This man is the living brick
If you don't tie the vertical rebar doesn't hold the strength off the wall ,you need to tie from the 4, rebar up , in order to get to structurally sound
How can i contact you?
ncma disagrees with you about tie. Why do people have a misconception that the tie wire is doing anything more than just holding it temporarily in place ???
. Reinforcement can be spliced by either contact or noncontact splices. Noncontact lap splices may be spaced as far apart as one-fifth the required length of the lap but not more than 8 in. (203 mm) per Building Code Requirements for Masonry Structures (ref. 4). This provision accommodates construction interference during installation as well as misplaced dowels. Splices are not required to be tied, however tying is often used as a means to hold bars in place.
6.04 why is the block laid that way without a bond? In the U.K we always lay with a brick bond to spread the point load evenly.
+Skill Builder architects and designers is why.
+Learn To Lay Brick I see now. They intend the roof load to go directly down through the reinforced columns to the foundation rather than across the entire wall. It is a whole different way of doing things.
It's called a stacked bond and is for decoration purposes. Just the look. However, it's difficult to lay because it shows every "sin". Nice looking work.
Very well explained. Thanks
Larry Haun of Brick
Great video. Thanks for posting this! One question: Aren't the steel reinforcing bars supposed to be tied together as they are placed? Thanks again.
Newbie question, so please forgive me. When the rebar is laid horizontally to create a 'bond beam' - say every 4 feet vertically. When the wet concrete is poured into the cinder block does that completely fill the wall the full length of the rebar, and four feet downwards - in other words the full wall is completely filled with concrete? If my understanding is incorrect, can you please correct me? Thanks.

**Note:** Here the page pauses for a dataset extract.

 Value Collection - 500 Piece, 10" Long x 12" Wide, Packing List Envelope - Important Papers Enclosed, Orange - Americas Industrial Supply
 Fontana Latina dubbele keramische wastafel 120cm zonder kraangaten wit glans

great question! The concrete called grout in this situation only goes down the vertical cells where the rebar is and horizontal in the the bond beam coarse. The masons put grout stop which is a paper or a netting material down to stop the grout from flowing down the cells that don't have rebar in them.
@@learntolaybrick Thanks. May I ask about another topic? In some videos I have seen, a rod penetrates the full height of the wall. At bottom it is firmly attached to the foundation - at the top side a 'threaded rod' extends above the heighest course. A special tensioning machine is used to torque this threaded rod, it applies compressive force to hold the wall 'downwards' towards the foundation. question 1- In this case - is the full length of that rod 'threaded'? or could it be rebar that has the threaded rod welded to the top portion that will be tensioned? question 2 - if the idea is to tension this rod vertically, I would assume it would need a 'free space' inside of the blocks where the rod passes through. Is my assumption correct? Or is grout poured down the very openings in the cmu where the rod passes through? One would think that if the rod were 'kinked' and not perfectly centered in the cmu block, that tensioning a kinked rod would be a stupid thing to do, as that could add a distortion to the wall. How is this issue addressed? last question - for walls that extend for a second story, what is the typical threaded rod type - diameter and threads per inch that are suggested for such a use? Thanks 'Learn to Lay Brick'.
Thanks for asking that. I was wondering the same thing. I’m guessing you can use the grout stopped cavities to run your electrical and plumbing.
What kind of earthquakes can reinforced masonry walls support?
wow I built my wall around my house in this 4ft increment method, I thought it wasn't ideal to build the wall in sections instead of laying all the blocks and pouring it in one go.
Are poured concrete or filled blocks stronger.
Don't know why I landed here. But that's a good video. The mountains in the background remind me of Utah Valley, possibly Provo?
Good eye. We have built many masonry structures in the valley since the 70's
THANK YOU. Great video and explanation.
What type of grout is it. and slump? What is the ratio. Could you provide some info about the grout mix? Thanks
Good instructional video! Did you cover mortar protrusions? Did you consolidate the grout twice? Due to the CMU absorbing the water, its a code requirement to reconsolidate a second time...as an inspector I always get push back on consolidating the walls twice. haha
Working on getting my resid. permit. What is consolidating grout ?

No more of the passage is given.